We were there to discuss accessible check-in at the polls. As the discussion went on it became clear that our overarching message of building Access Ready Environments would have a more sweeping effect. This concept became even more clear in our next meeting with Commissioner Turner of the States Department on Intellectual and Developmental Disabilities. While we have known this in an oblique subconscious way, the global effect of adopting an Access Ready policy that cuts across all departments can have a more sweeping effect.

The reasoning is that since information technologies also cut through all levels of business, government and the non-profit sectors that such a policy would have a dramatic trickle-down effect on everything. Advocating for changes in elections, education, social services, and points of sale, the employment process and so forth put us in too many struggles with important, but small gains. So many advocacy tracks are difficult to manage, and stretch resources.

All of the above examples and many more are supporting elements of why an Access Ready policy should be adopted at overarching levels. Yes, we should support divisional, departmental and programmatic adoption of an Access Ready policy, but it should not be our focus. It is too much effort for too little gain. Once businesses, government, and nonprofits have adopted an Access Ready policy at the global level within their scope of influence then we will need to turn to guidance, education, and best practices at the downstream levels. At the downstream or local levels is where we must provide the tools necessary to assist IT departments, ADA coordinators, and program managers as they begin applying the adoption of the policy. As we begin applying this strategic point of play we will also continue to develop the tools and resources needed at those most important local levels.

Now some will say that engaging at the upper levels of business, government, and the nonprofit sectors will be harder than the local level advocacy efforts. Yes, but the result is so much greater. Voting against an Access Ready policy that is well-timed and has cost-effectiveness designed into it, would be saying that twenty-five percent of the population does not deserve access at the information and communications technology level. Like the tools mentioned above such proposed policy changes must be thoughtful and timely so they can take effect in the most efficient ways possible.

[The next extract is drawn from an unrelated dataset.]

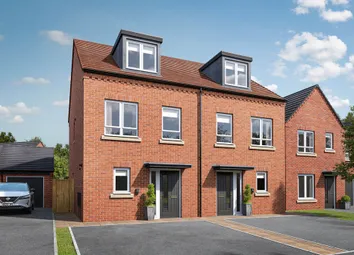 Artists Impression Of The Harrton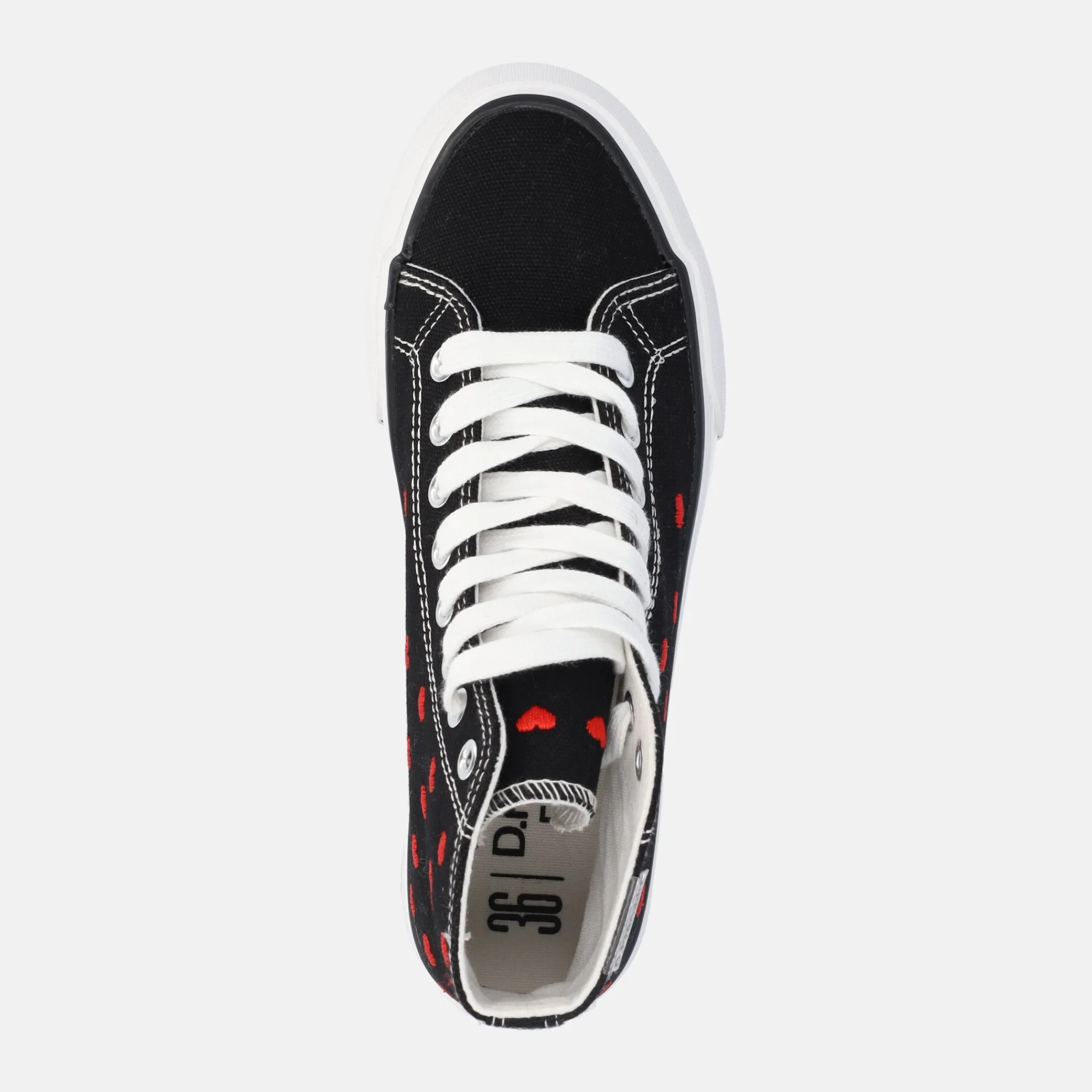 DFRANKLIN D.FRANKLIN Sneakers Mid | Donna Sneakers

The point is not how fast things get done, but that they are on track to get done. We are not saying delay without cause, but rather act as needed when needed in the most accessible and economic ways. We do not expect anyone in the business, government, or the nonprofit sectors to adopt our sample Access Ready policy, but that it will be used as a guide for the drafting of their own policies. The important part is that they contain the same elements. We are not as concerned about how it is said, but rather that it is done in the long run.